Well, in a manner of speaking. Electronic waste poses a problem with recycling because there is just so much of it. Millions of cell phones are tossed away every day, along with old computers, iPods, monitors, and television sets. Since most of this waste is plastic and metal, there isn’t an easy way to dispose of this waste in a landfill environment without leaching harmful chemicals and toxins into the water table. Metals and plastic also pose problems for large scale incineration because of emissions. And lastly, without some sort of recovery, we would be losing tons of valuable metal to waste a year. With recycling centers few and far between in the United States, a great deal of this E-waste is shipped overseas to developing countries such as China, where the component parts of our throw-away cell phones, computers, and monitors are stripped , melted down, and sold to a local recycling center for pennies on the dollar with no regard to human health or environmental consequences.
With the average shelf life of less than 7 years, consumers are tossing away millions of cell phones, televisions, and computers daily. It is estimated that that 6 million tons of E-waste hit the landfill a year in the United States alone. E-waste is recyclable, but some precautions are necessary in order to minimize the negative impact on air quality. The problem here is there isn’t a large scale recycle program to cope with the sheer numbers of electronics getting thrown away each year, so ‘recyclers’ ship these products overseas to Africa and China where they are broken down into their component parts using primitive methods such as coal fire burners and acid baths to melt and leach heavy metals out of the electronics. One such recycle landfill in China has a soil pH of 1, or the same pH as sulfuric acid. This soil content is no longer usable for growing crops, so the local farm community is working in the recycle field instead, earning up to 8 dollars a day, with children as young as 4 years old picking through the electronic trash to make a few pennies. As a nation, there are certain things we do very well, but using our garbage to exploit children and child labor working in hazardous conditions is not supposed to be one of them.

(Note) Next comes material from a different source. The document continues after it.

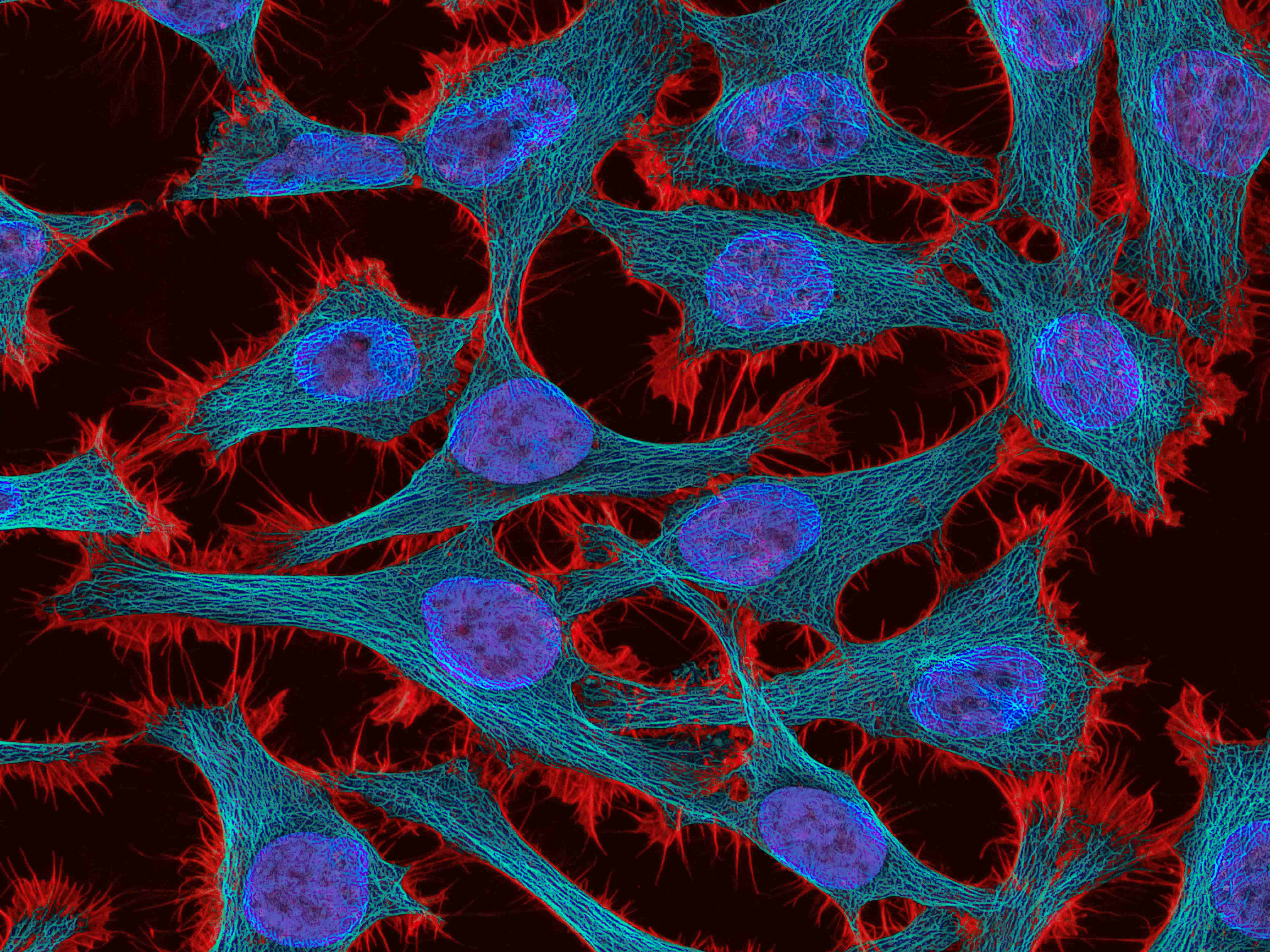 Featured image for New Insights into Cervical Cancer Could Revolutionize Treatment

So, What Can I Do To Help?

Electronic waste is not going away. We will always be pushing the envelope to make things faster, smaller, and more powerful to fuel the marketplace. In the last few years, we have learned what we are not supposed to do with E-waste, but it will require some forethought to change the methods we currently use. We need to make our electronics more upgradable, instead of replacing the entire unit whenever we get something new and shiny to add to our growing pile of entertainment products. Until we figure this part out, we can :

* Quit buying a new cell phone every 6 months. Its a PHONE. The people you call can’t see it anyhow.
* If you are going to buy a computer or a laptop, make sure it is upgradable. We can’t afford to keep throwing away a compute just because its ‘slow.’
* Stay away from internet porn. In many cases, these sites have viruses that can contaminate your computer, making it run slower or destroying the hard drive completely.
* If you do get a new cell phone, give your old one to a responsible organzation that can use it, such as the Salvation Army.
* When disposing of electronics, ask your local landfill operator to show you the proper method and place to dispose of the E-waste. They will be more than happy to help you along.
* Keep that old television as long as you can. New plasma screen televisions use 4x the electricity of the old cathode ray model. If you HAVE to have the BEST television, maybe you should get out more.
*When possible, buy rechargeable batteries. They last thousands of hours longer, and this keeps them out of the landfills longer.
* If you are addicted to music, an mp3 player isn’t a bad choice. Anything is better than CD waste, and everything is better than a Joan Rivers comedy CD. She hasn’t been funny since 1978. If then.
* If you are going to buy a computer for the first time, consider a laptop. Laptop computers are easier to recycle than towers, and the monitor is a lot easier on the environment to recycle. Plus, when it freezes up, it is easier to fling across the room.